* Listed entries:
>>>>

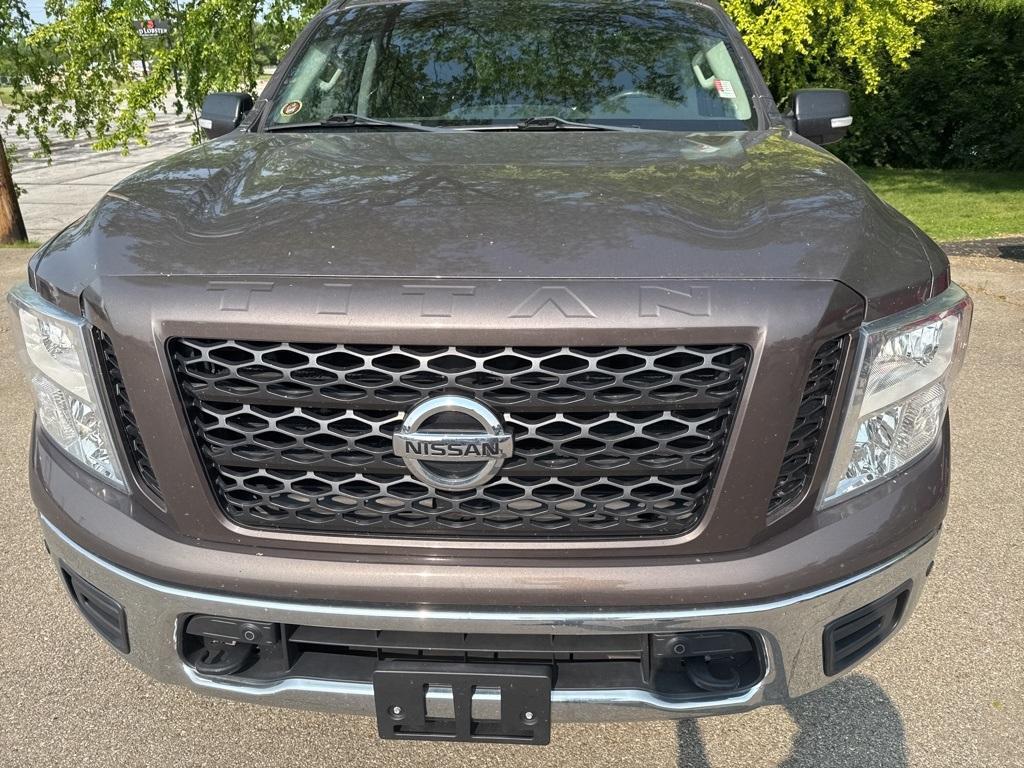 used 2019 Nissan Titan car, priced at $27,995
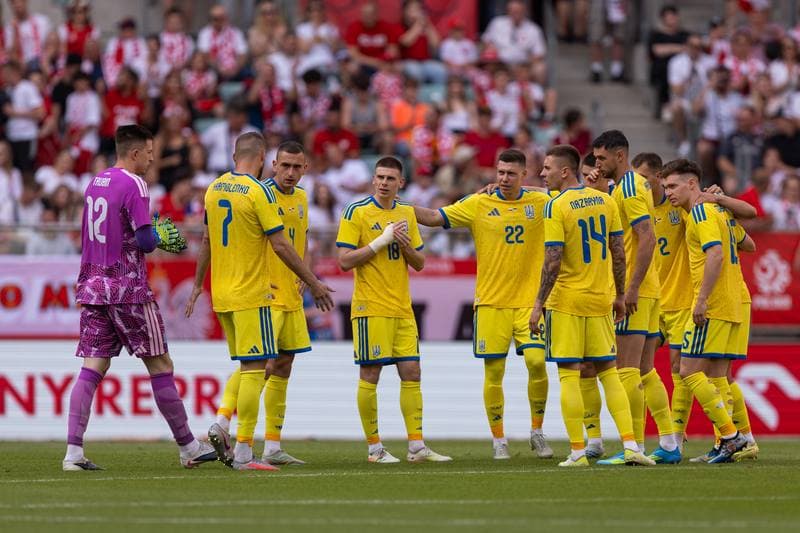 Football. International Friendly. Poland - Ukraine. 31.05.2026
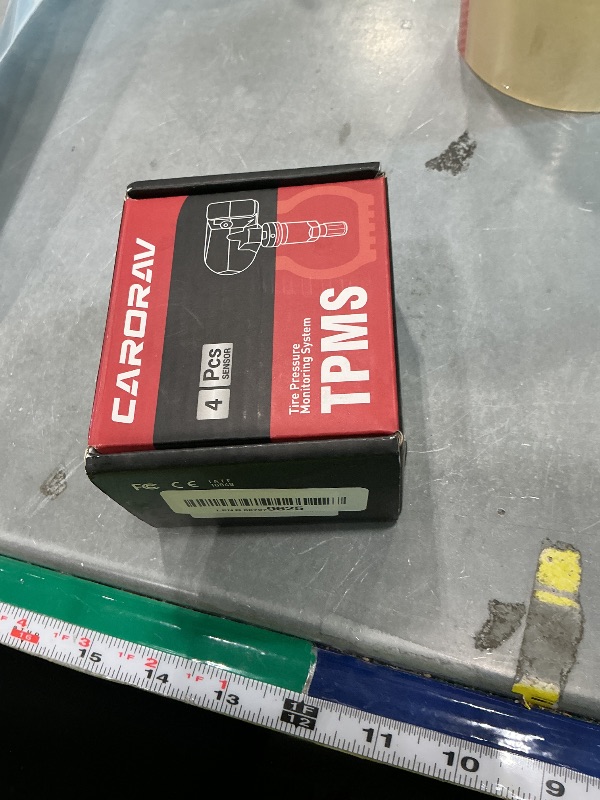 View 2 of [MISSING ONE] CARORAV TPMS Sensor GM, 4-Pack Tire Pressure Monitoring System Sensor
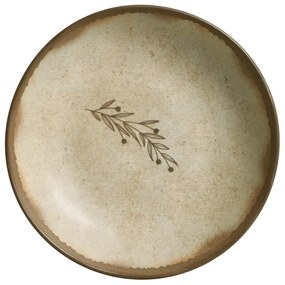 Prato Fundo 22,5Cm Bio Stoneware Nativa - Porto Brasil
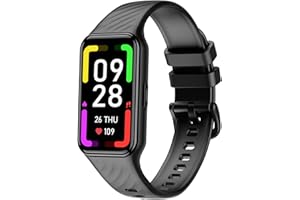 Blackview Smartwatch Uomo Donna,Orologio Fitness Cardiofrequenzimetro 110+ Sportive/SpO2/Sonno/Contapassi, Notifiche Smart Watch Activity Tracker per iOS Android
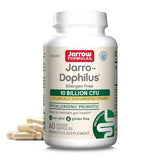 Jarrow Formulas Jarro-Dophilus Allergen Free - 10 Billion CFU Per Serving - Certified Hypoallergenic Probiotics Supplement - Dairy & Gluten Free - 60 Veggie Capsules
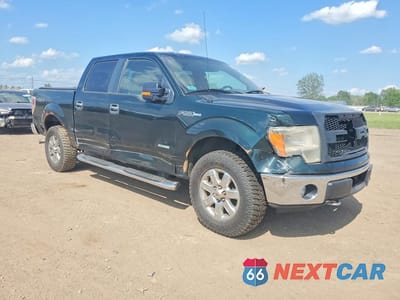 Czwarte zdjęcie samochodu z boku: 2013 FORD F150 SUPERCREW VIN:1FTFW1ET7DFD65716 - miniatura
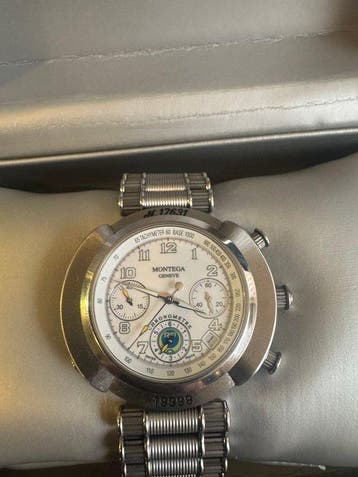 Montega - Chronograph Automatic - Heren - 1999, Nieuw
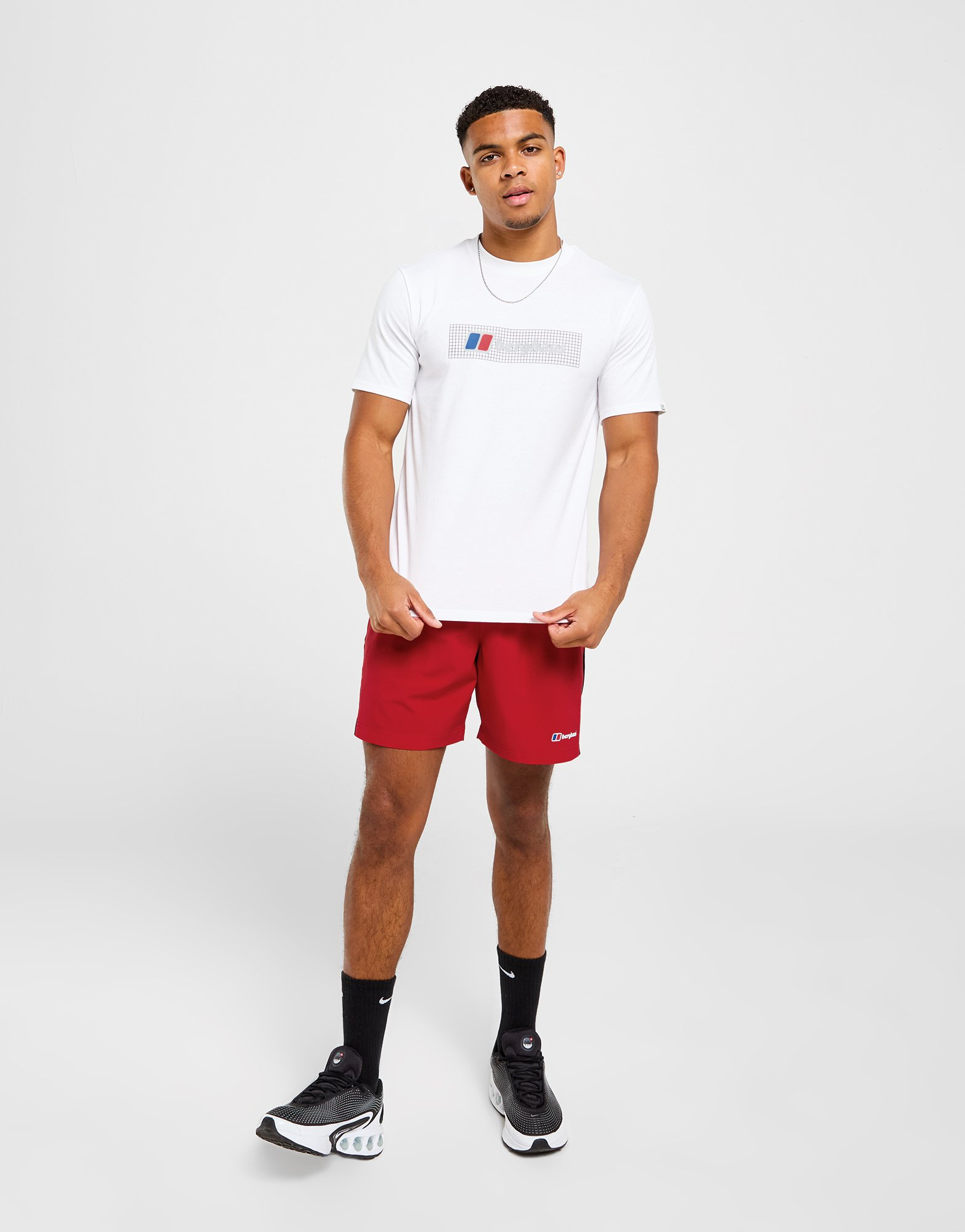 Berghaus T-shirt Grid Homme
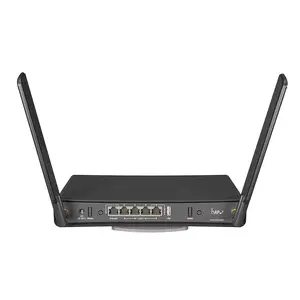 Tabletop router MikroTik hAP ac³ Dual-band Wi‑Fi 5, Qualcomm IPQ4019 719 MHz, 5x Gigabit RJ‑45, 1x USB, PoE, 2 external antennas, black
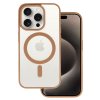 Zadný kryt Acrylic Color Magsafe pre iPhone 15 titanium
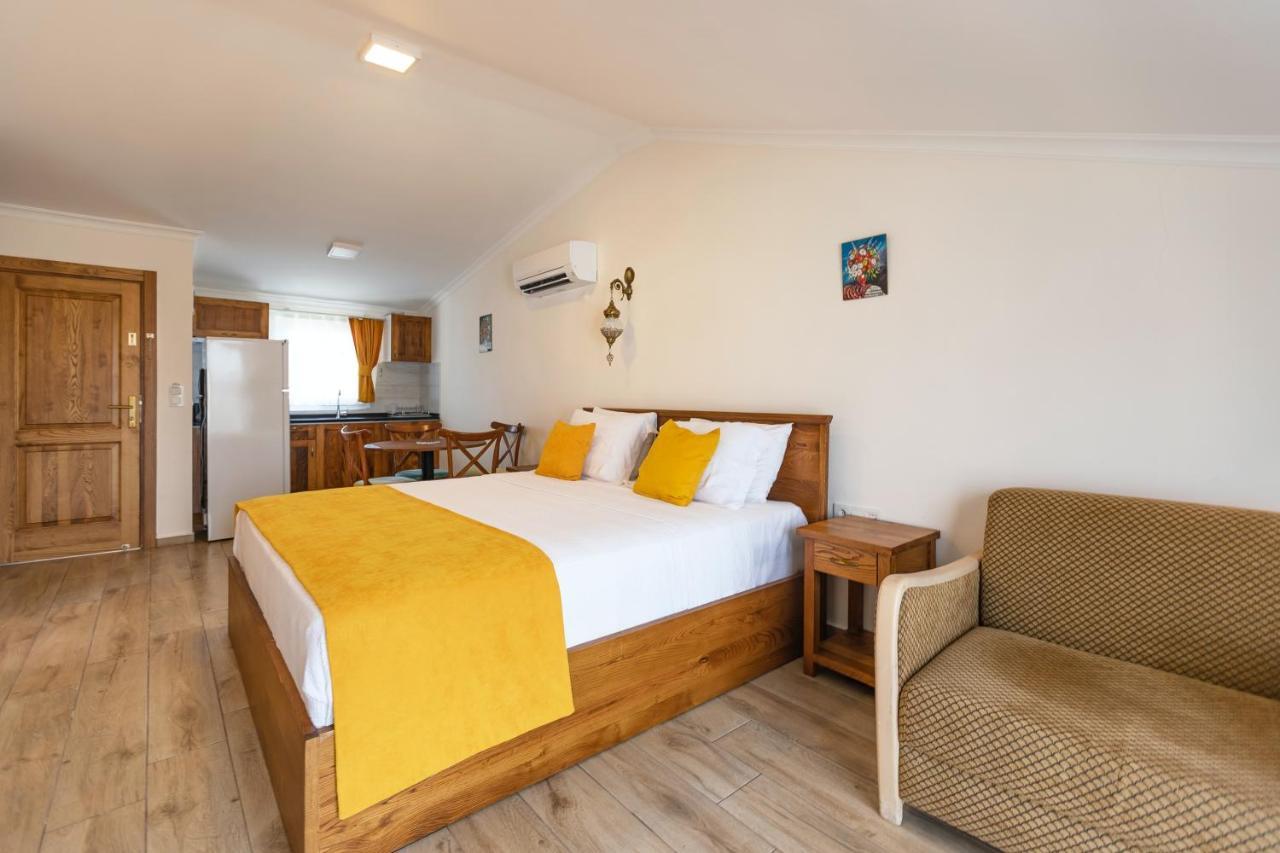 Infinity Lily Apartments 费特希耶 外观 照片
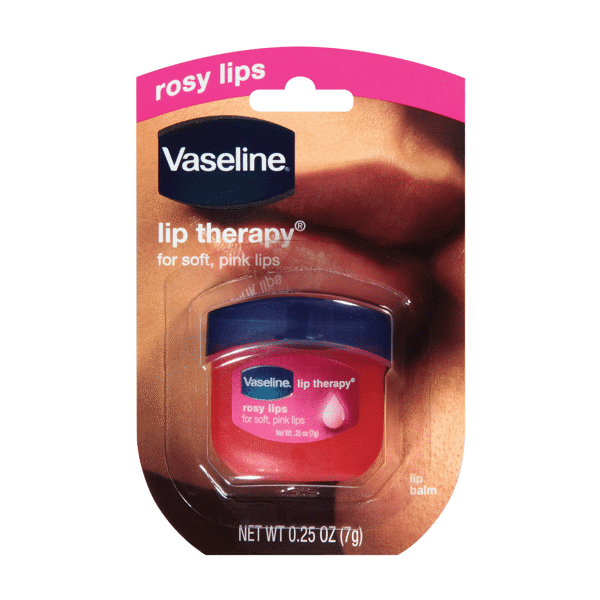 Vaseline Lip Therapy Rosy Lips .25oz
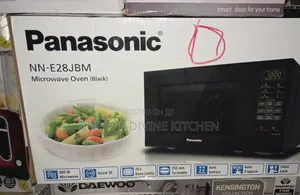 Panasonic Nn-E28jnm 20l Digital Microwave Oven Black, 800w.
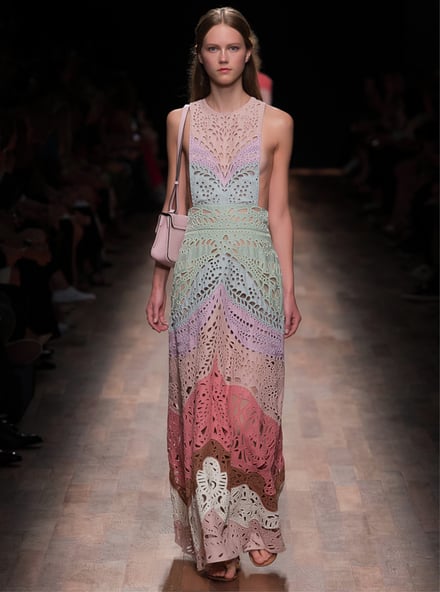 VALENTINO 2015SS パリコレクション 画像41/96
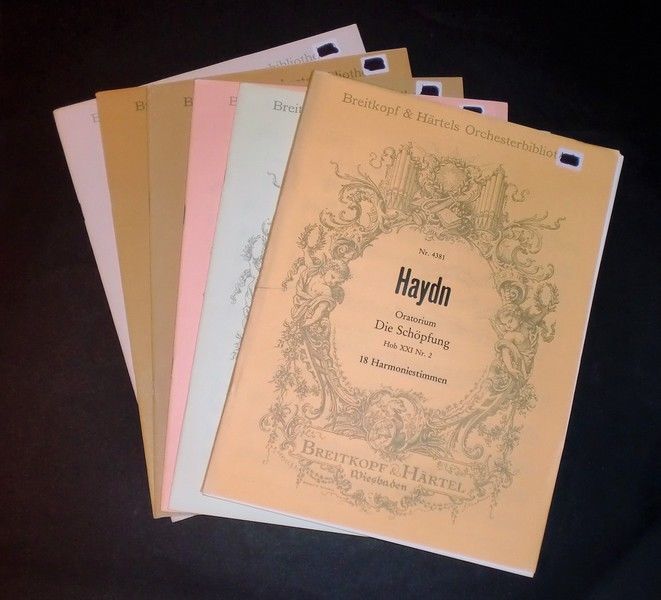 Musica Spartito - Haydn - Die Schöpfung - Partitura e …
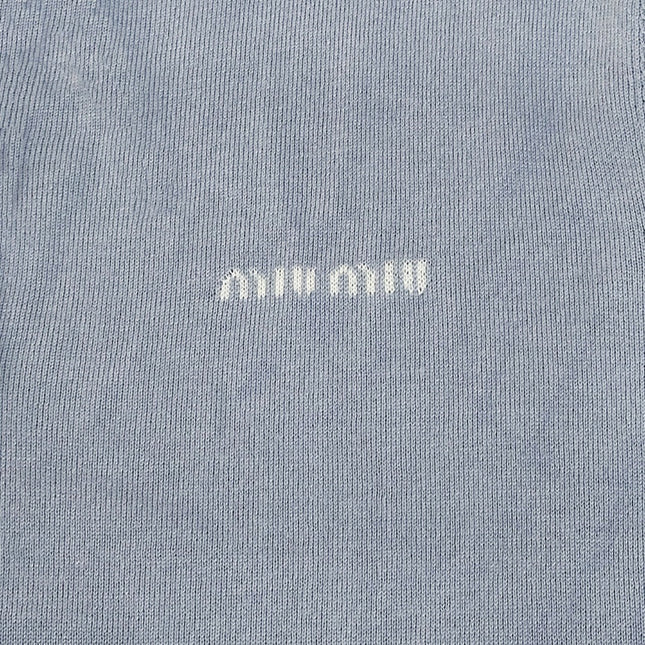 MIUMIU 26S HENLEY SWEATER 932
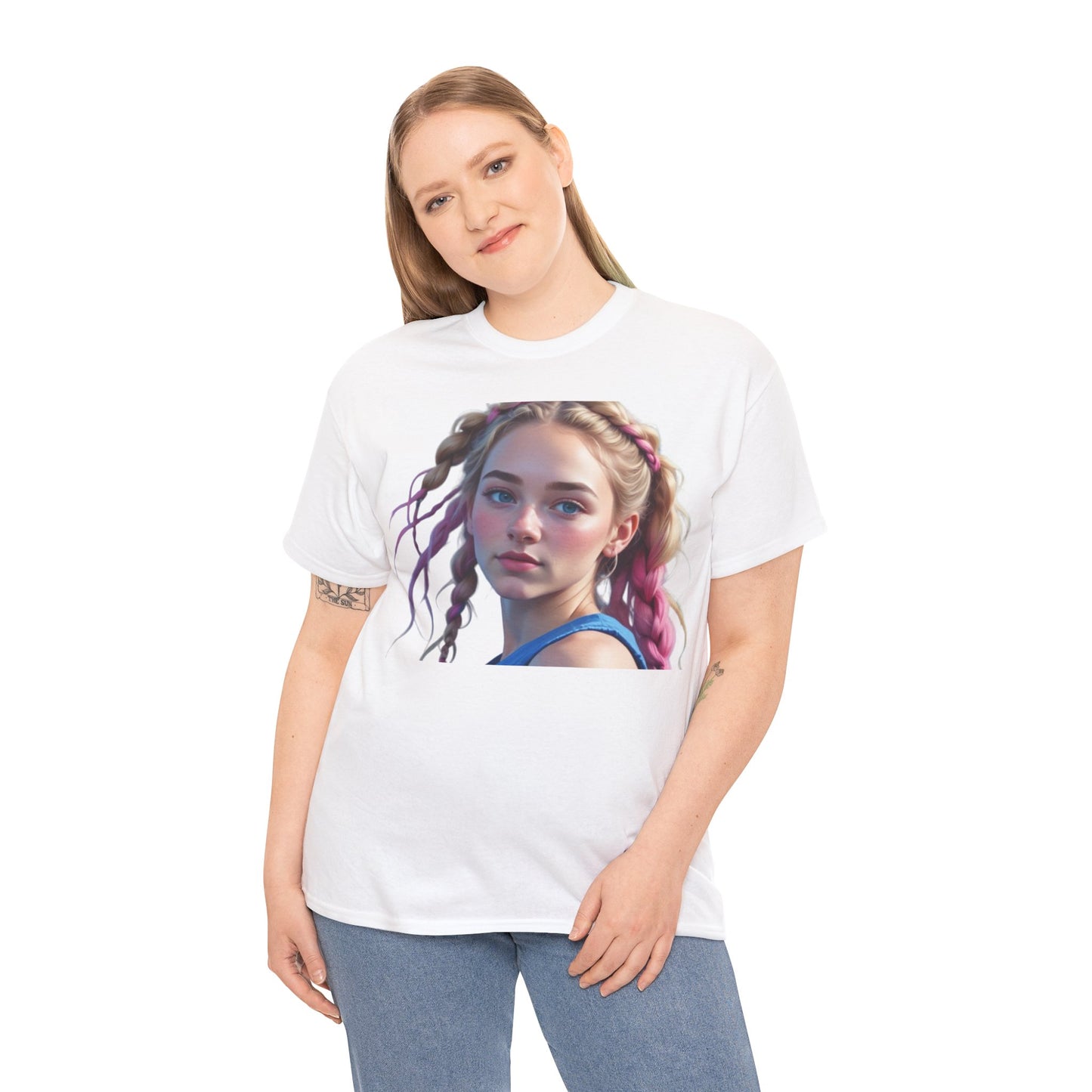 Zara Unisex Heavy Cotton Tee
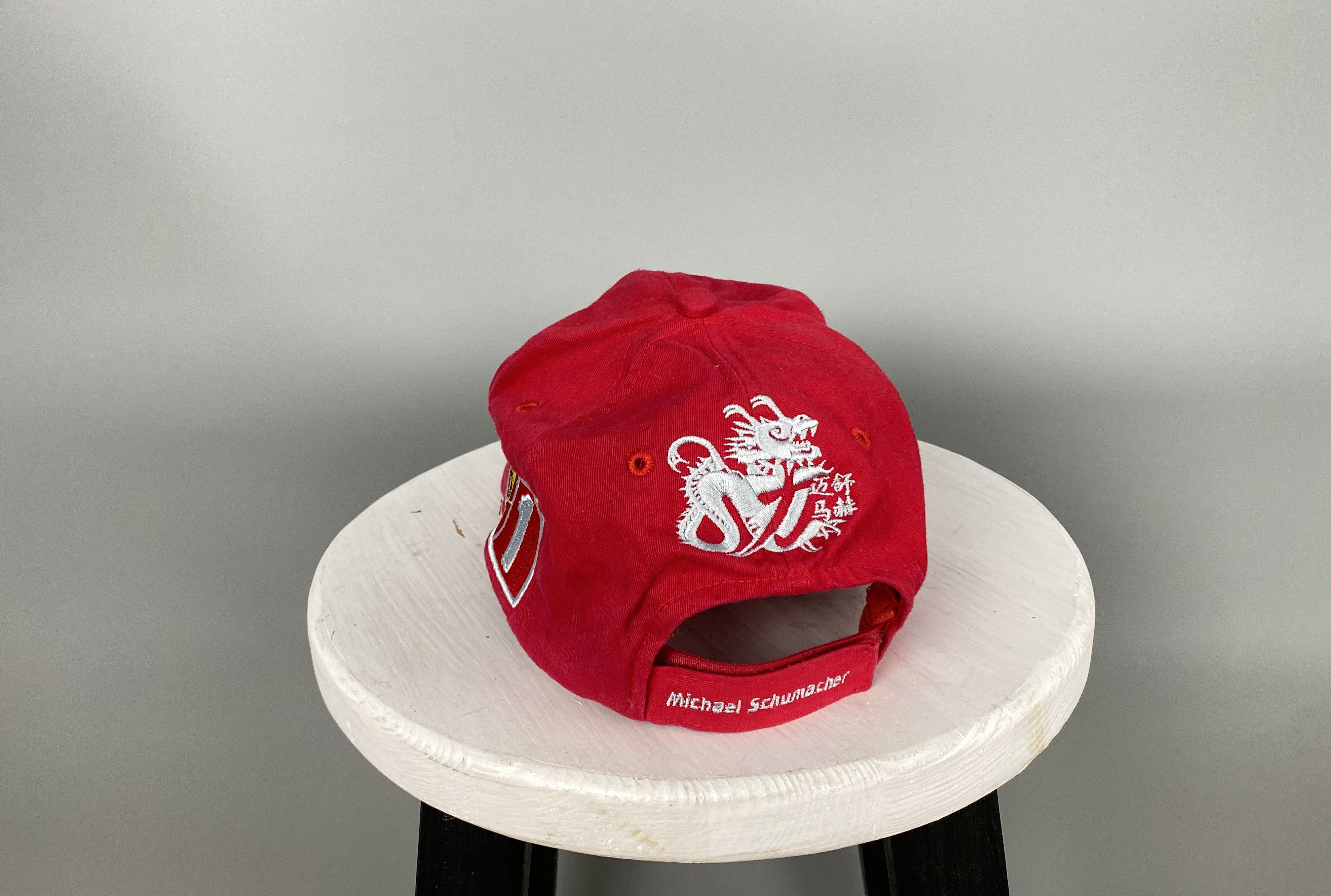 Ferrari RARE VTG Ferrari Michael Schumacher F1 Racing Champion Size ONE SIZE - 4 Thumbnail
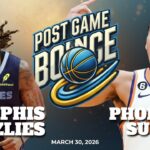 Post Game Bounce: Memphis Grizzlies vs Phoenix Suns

<<<<

* Your instructions: Leave the pictures out, and reproduce only the lines from the line holding "Tabletop router MikroTik" through the last line of the material, both included.

* Output for this task:
 Tabletop router MikroTik hAP ac³ Dual-band Wi‑Fi 5, Qualcomm IPQ4019 719 MHz, 5x Gigabit RJ‑45, 1x USB, PoE, 2 external antennas, black
 Zadný kryt Acrylic Color Magsafe pre iPhone 15 titanium
 Infinity Lily Apartments 费特希耶 外观 照片
 Vaseline Lip Therapy Rosy Lips .25oz
 Panasonic Nn-E28jnm 20l Digital Microwave Oven Black, 800w.
 VALENTINO 2015SS パリコレクション 画像41/96
 Musica Spartito - Haydn - Die Schöpfung - Partitura e …
 MIUMIU 26S HENLEY SWEATER 932
 Zara Unisex Heavy Cotton Tee
 Ferrari RARE VTG Ferrari Michael Schumacher F1 Racing Champion Size ONE SIZE - 4 Thumbnail
 Post Game Bounce: Memphis Grizzlies vs Phoenix Suns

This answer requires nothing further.